Posted by Jon Gordon on Jul 24, 2025 3:50:58 PM

Sustained High Prices in PJM Signal Need to Focus on Reforms that will Get Projects Built Quickly

The PJM capacity auction results once again highlight the critical need to immediately bring new generation, storage, and demand-side resources on-line. Wholesale electricity prices have once again increased in the PJM region, going up for most customers from $269.92/MW-day during the previous auction to $329.17/MW-day, even though consumers were protected from an even more significant increase by the newly implemented price cap. 

High auction prices are a direct result of insufficient supply to meet current demand for power. Though prices do provide a strong “build” signal for new generation, projects seeking to respond to that signal face several barriers that must be overcome.  

PJM’s capacity auction is intended to ensure that sufficient resources will be available to meet electricity demand in a future year. Prices in the auction are a reflection of demand (based on PJM’s load forecast) and supply (based on offers put in by existing and new generation, storage, and demand-side resources). In last year’s auction, prices cleared at $270/MW-day, which was 800% above the prior year; those prices started to hit consumers’ bills in June of this year, resulting in as much as a 20% cost increase for some customers. This year’s auction results come after a series of tweaks made by PJM that were intended to result in lower prices, but those changes were overwhelmed by 5.4 GW of load growth in this auction, attributable largely to data center growth. 

The sustained high prices for a second consecutive auction indicate that PJM’s modifications were not enough to compensate for the fact that demand is growing faster than new supply is entering the market. While the rapid increase in demand in the PJM region from data centers and other large loads is no longer breaking news, this demand growth has far outpaced the normal timeline for infrastructure planning and development – in other words, a data center can be constructed in 18 months, while a generator large enough to serve a large data center can take more than five years to develop and construct.  

At the same time, PJM’s interconnection queue —the process by which new generation and storage projects are granted permission to connect to the power grid—has been closed since 2022, preventing thousands of projects from coming on-line and lowering prices. While PJM is working to transition to what should hopefully be a faster queue process, the result of the pause on new requests is that many projects have been stuck in the closed queue for over six years, a significant delay that adds additional risk and cost and is likely to contribute to some otherwise viable projects never getting built. 

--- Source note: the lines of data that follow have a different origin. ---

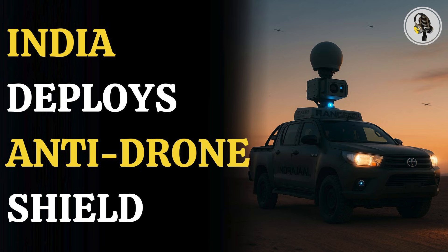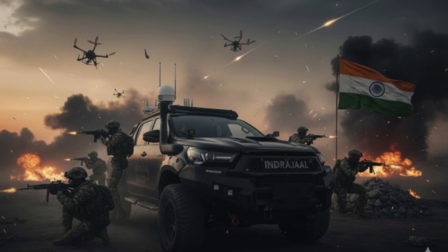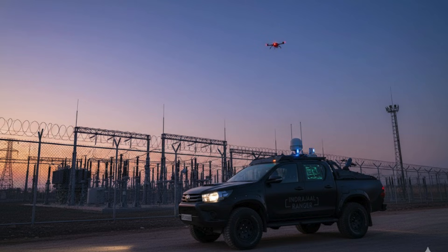Its true impact becomes clearer once we see where this system is meant to operate. The Ranger is intended for deployment along convoy routes, forward posts and porous border areas. Its mobility allows it to operate in locations where fixed anti-drone systems are limited or ineffective. According to the manufacturer, the vehicle extends autonomous airspace control to mobile platforms, enhancing India's defensive coverage.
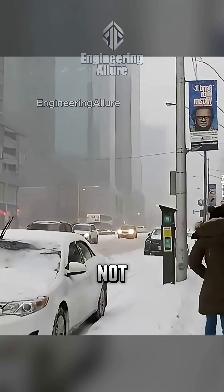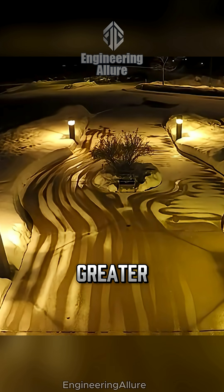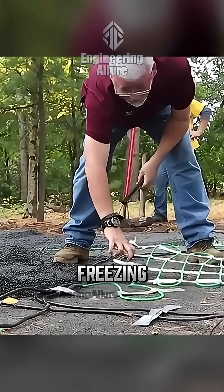Why is this engineering and not a gimmick? Less de-icing salt, corrosion, and pollution — plus greater safety on bridges and ramps where freezing occurs first.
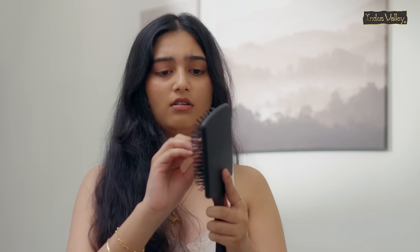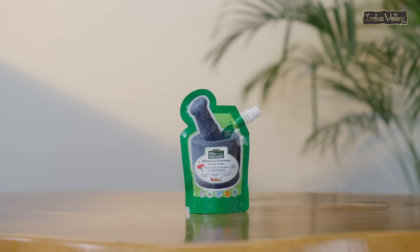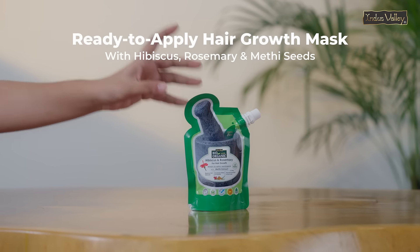I have tried so many products for my frizzy and dry hair, but here's the one that actually helped me: the Indus Valley Bio Organic Hibiscus and Rosemary Organic Hair Mask.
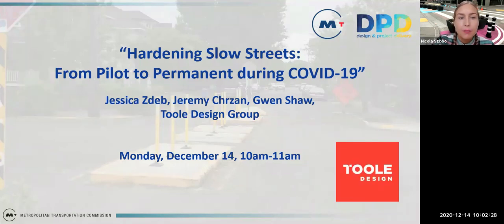Welcome everyone. My name is Nicholas Chabot and I'm a program manager for new mobility at MTC. Today we're going to discuss how we transition successful COVID-era street redesigns to pilot, interim, and permanent projects. We'll be discussing recommended processes, practices, designs, materials, and outreach strategies to ensure these transitions work for residents, the general public, and implementing agencies.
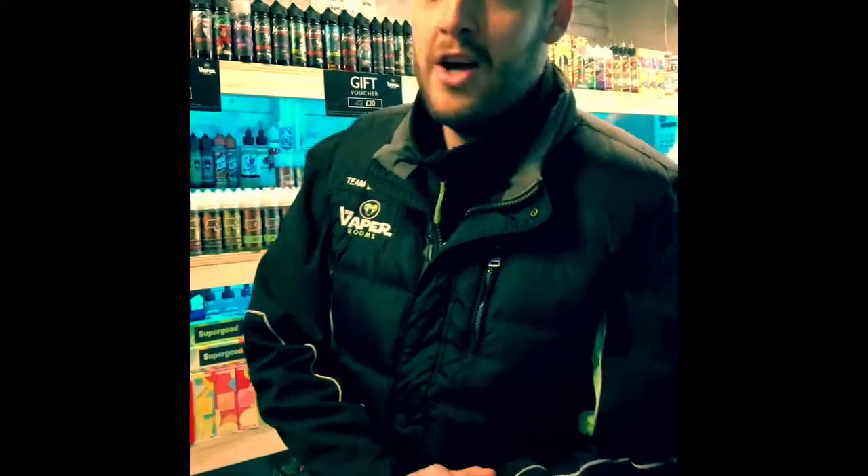Hi guys, welcome to The Vapor Rooms, North West's best vape shop. We've got a little video where we're going to run through some of our juices for you, just give you a heads up on what we've got in stock. We're just going to start it off nice and easy with a little video of some of our juices.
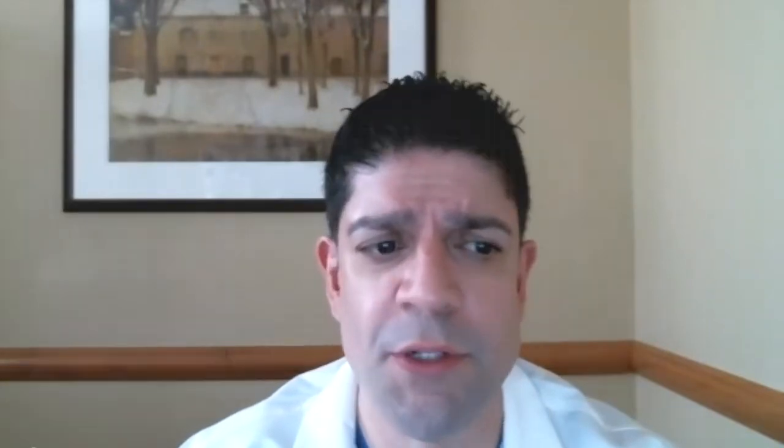Relevant labs: he had an elevated white count of 18,000. His hemoglobin was okay at 13.2. His ABG on BiPAP showed a pH of 7.18, a PCO2 of 90, and a PO2 of 170.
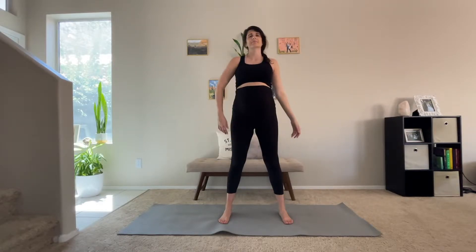Hello my loves and welcome back to my channel. Today's yoga flow is geared towards the third trimester of pregnancy. This can be a tricky trimester as you're getting very uncomfortable and anxious and excited to meet your baby.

Given still-rising demand and the too-slow trickle of new supply, PJM and states in the PJM region now face a clear need to accelerate deployment. The recent rollback of federal clean energy tax credits only underscores the urgency of building new projects now to fully realize available incentives. Continuing to reform PJM’s interconnection queue by fully implementing improvements already underway and by going beyond these reforms is a key opportunity to unlock new resources. PJM has stated that they are hopeful they will be able to reopen the closed interconnection queue in late 2026. 

New clean energy resources entering the queue could be built fastest and possibly be on-line by the end of the decade, whereas natural gas and nuclear generation would take much, much longer – all well past the resource adequacy concerns PJM has identified in the 2027-28 timeframe. In addition to steps by PJM to speed up the interconnection process, states can accelerate the path from interconnection agreement to commercial operation by streamlining siting and permitting processes. 

Beyond critical improvements to interconnection, siting, and permitting, a new resource compiled by Advanced Energy United outlines a series of additional steps that PJM and states can take to unlock new capacity: accelerating load flexibility and virtual power plants (VPPs), utilizing fair interconnection fast-tracks, and deploying advanced transmission technologies. 

In addition to these tools, PJM and states must work toward medium and longer-term reforms that will deliver affordable, reliable electricity to the region: adopting incremental capacity reforms such as a transition to a seasonal capacity auction; restoring stability and predictability to the capacity market; ensuring efficient hedging and bilateral contracting activity to complement the capacity market; pursuing ancillary services reforms to better value resources’ capabilities; reforming load forecasting to ensure we are preparing for the right level of demand growth; adopting long-term, comprehensive transmission planning (in compliance with FERC Order No. 1920); and conducting additional oversight of locally planned transmission to ensure a robust and cost-effective transmission grid. 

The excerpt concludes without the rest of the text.